ここレッドゴッド連邦西部のドラゴンキャッスルについての説明をすると、

広大な樹海である。


中盤まで行くと迷いやすくなる。案内板のようなものが立ってはいるが、申し訳程度である。

メインコースから外れると迷子確定しそうな場所だ。


そのため、地図と磁石が必須だ。地図は支給されており、野宿推奨ポイントが書かれている。

だがジキスムントは相変わらず野鳥たちと交信しているのか。

どんどん進んでいく。


最初に地竜ばかりがいるサウスエリアがあり、どこに行くにしろ全ての竜使い候補はここを通らなければならない。

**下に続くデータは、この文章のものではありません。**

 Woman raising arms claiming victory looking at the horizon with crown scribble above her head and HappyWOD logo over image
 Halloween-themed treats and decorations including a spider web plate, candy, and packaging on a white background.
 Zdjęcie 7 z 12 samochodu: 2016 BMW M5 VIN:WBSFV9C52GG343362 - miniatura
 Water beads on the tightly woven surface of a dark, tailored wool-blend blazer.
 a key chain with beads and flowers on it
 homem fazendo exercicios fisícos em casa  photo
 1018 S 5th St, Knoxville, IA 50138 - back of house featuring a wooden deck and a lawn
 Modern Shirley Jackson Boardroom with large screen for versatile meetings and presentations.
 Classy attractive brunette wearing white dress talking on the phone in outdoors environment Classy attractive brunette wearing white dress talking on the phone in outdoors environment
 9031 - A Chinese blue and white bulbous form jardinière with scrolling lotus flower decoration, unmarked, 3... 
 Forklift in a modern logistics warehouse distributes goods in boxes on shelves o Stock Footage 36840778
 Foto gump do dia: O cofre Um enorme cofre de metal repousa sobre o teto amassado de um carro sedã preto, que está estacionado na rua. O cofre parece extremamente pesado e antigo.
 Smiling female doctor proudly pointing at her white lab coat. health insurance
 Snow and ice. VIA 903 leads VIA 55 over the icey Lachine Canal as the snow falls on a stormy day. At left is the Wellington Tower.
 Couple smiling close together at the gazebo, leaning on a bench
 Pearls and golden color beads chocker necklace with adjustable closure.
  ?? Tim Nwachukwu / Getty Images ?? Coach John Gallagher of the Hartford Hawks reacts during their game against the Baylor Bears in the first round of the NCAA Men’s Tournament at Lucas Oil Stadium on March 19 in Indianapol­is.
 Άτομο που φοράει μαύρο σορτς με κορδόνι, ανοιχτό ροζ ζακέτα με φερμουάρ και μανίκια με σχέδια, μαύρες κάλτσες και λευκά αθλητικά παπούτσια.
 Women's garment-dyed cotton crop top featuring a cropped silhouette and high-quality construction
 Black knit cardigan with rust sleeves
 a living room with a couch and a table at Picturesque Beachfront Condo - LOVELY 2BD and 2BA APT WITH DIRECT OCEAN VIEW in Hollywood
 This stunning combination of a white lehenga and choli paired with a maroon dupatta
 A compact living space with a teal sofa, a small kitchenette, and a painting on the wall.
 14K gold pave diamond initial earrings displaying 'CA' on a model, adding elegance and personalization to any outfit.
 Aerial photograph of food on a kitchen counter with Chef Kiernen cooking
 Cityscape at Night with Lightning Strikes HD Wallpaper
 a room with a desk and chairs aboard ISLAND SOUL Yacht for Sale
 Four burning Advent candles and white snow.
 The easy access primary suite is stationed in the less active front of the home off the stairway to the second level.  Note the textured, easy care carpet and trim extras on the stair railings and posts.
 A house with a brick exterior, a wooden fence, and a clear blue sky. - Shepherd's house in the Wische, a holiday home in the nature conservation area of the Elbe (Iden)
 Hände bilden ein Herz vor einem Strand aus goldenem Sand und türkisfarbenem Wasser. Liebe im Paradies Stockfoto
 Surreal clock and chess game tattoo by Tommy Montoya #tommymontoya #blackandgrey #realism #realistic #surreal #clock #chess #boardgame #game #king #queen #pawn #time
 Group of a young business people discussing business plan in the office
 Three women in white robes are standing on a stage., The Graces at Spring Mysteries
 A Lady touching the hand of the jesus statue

そして飛竜が多いイーストエリア、比較的ランクの高い竜がいるウエストエリアがある。

ノースエリアがBランク以上がひしめく上位のドラゴン達の根城だ。

ノースエリアは活火山があり、周期的に噴火している。

それゆえ冬でも暖かい。そのうえ複数のカルデラ湖があり、水の確保も十分で、さらに北には険しい高山が連なっており密猟者も北からは中々入れない。しかもノースエリアに行くにはウエストエリアかイーストエリアを通過しなければならない。


まさに1等地に陣取っているんだな。


隙無しのエリアだと思ったが、ジキスムントは意外なことを言った。


「野生味が強いならば寄ってくる人間に手当たり次第に襲ってくるでしょうが、上位のドラゴンは賢いがために欠点があります。まさかここまで来れる人間はいないだろう、まさか自分を捕えられる人間はいないだろうという油断がね。」


確かにそれは1理あるが竜二は信じていなかった。

それだけなら、もっと効率よく上位のドラゴンを捕まえられる竜使い候補がいていいはずである。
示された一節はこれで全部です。